| The task |
Print every record exactly.

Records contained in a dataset
□ □ □ □ □
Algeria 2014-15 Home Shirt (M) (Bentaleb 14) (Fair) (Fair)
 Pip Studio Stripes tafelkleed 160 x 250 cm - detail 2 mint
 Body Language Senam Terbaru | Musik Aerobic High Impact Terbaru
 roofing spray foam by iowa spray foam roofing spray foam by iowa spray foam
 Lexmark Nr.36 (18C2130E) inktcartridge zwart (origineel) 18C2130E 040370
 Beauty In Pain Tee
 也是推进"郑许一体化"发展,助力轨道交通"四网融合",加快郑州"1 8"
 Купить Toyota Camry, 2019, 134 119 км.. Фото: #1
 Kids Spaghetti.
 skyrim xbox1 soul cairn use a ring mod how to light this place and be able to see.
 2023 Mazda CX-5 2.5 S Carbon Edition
□ □ □ □ □
| Response area |
Algeria 2014-15 Home Shirt (M) (Bentaleb 14) (Fair) (Fair)
 Pip Studio Stripes tafelkleed 160 x 250 cm - detail 2 mint
 Body Language Senam Terbaru | Musik Aerobic High Impact Terbaru
 roofing spray foam by iowa spray foam roofing spray foam by iowa spray foam
 Lexmark Nr.36 (18C2130E) inktcartridge zwart (origineel) 18C2130E 040370
 Beauty In Pain Tee
 也是推进"郑许一体化"发展,助力轨道交通"四网融合",加快郑州"1 8"
 Купить Toyota Camry, 2019, 134 119 км.. Фото: #1
 Kids Spaghetti.
 skyrim xbox1 soul cairn use a ring mod how to light this place and be able to see.
 2023 Mazda CX-5 2.5 S Carbon Edition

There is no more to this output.